All of lore.kernel.org
 help / color / mirror / Atom feed
From: "Nicholas A. Bellinger" <nab@linux-iscsi.org>
To: target-devel@vger.kernel.org
Subject: Re: [PATCH 05/17] target/core: Make sure that target_wait_for_sess_cmds() waits long enough
Date: Sun, 07 Oct 2018 03:28:34 +0000	[thread overview]
Message-ID: <1538882914.14891.2.camel@haakon3.daterainc.com> (raw)
In-Reply-To: <20180917213554.987-6-bvanassche@acm.org>

On Mon, 2018-09-17 at 14:35 -0700, Bart Van Assche wrote:
> A session must only be released after all code that accesses the session
> structure has finished.
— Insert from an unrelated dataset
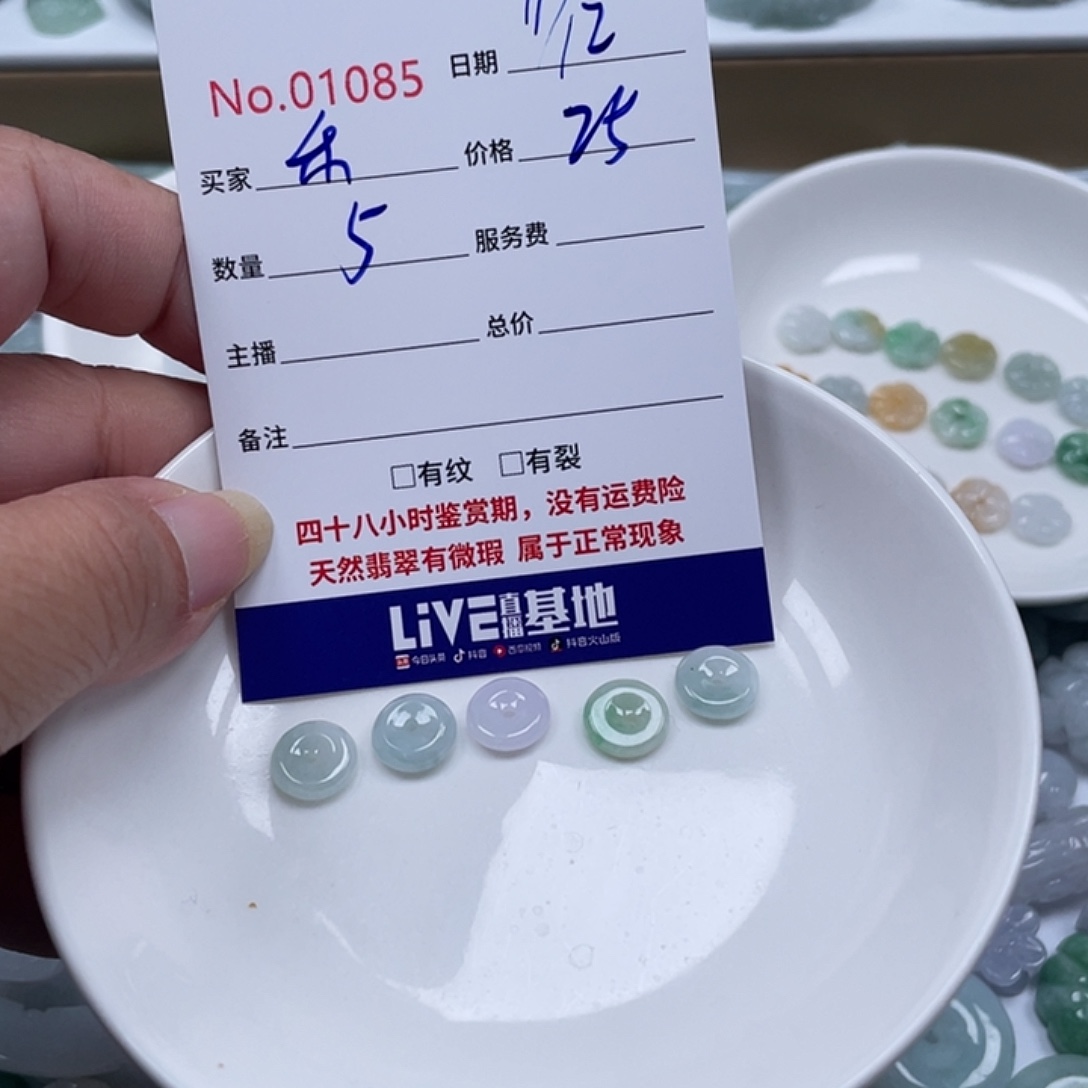 禾***禾翡翠未镶嵌颈饰4577
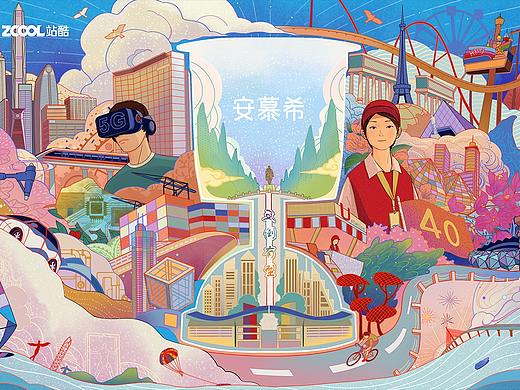 安慕希 反倒有型 深圳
Make sure that this is the case by introducing a
> new command counter per session that is only decremented after the
> .release_cmd() callback has finished.
> 
> Signed-off-by: Bart Van Assche <bvanassche@acm.org>
> Cc: Nicholas Bellinger <nab@linux-iscsi.org>
> Cc: Mike Christie <mchristi@redhat.com>
> Cc: Christoph Hellwig <hch@lst.de>
> Cc: Hannes Reinecke <hare@suse.de>
> ---
>  drivers/target/target_core_transport.c | 27 +++++++++++++++++---------
>  include/target/target_core_base.h      |  1 +
>  2 files changed, 19 insertions(+), 9 deletions(-)
> 

Per HCH's earlier comment.  Is this required to fix a regression
introduced by commit 00d909a107 in mainline..?  Is it SRPT specific..?

Btw, I'm not completely against moving to a se_sess percpu_ref for
tracking se_cmd association to a session for the purposes of active I/O
shutdown.  However, inter-mixing it with existing se_sess->sess_cmd_lock
+ se_sess->sess_cmd_list for the single benefit of dropping
->sess_cmd_lock during non fast-path code in target_wait_for_sess_cmd()
doesn't really make sense.

That said, what would be better is utilize a new se_sess percpu_ref that
eliminates se_sess->sess_cmd_lock + se_sess->sess_cmd_list all-together!

How..?  Well, what about using the newly sbitmap converted (thanks
willy) se_sess->sess_tag_pool instead..?  Similar to how
blk_mq_queue_tag_busy_iter() uses sbitmap_for_each_set(), the same could
be done to eliminate se_sess->sess_cmd_list all together.

However, that would depend on all upstream fabric drivers using
se_sess->sess_tag_pool.  This is true in all but one case since 4.6.x,
the SRPT driver.

In addition, there would likely be some hairy TMR ABORT_TASK issues to
resolve no doubt, but killing se_sess->sess_cmd_[lock,list] and moving
to per se_session percpu_ref counting is a good goal.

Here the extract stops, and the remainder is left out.